Work request: Look below for the line with "Full length of" and the line with "Foto de una"; repeat exactly those two lines and all lines between them, but no pictures.

Record excerpts:
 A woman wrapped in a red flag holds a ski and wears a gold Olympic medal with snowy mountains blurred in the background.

...

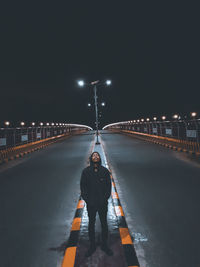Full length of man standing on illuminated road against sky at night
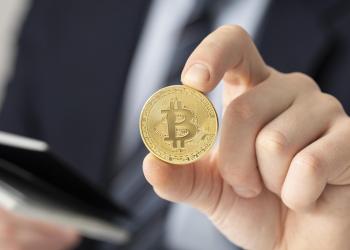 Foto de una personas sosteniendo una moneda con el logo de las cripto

Output for this task:
Full length of man standing on illuminated road against sky at night
 Foto de una personas sosteniendo una moneda con el logo de las cripto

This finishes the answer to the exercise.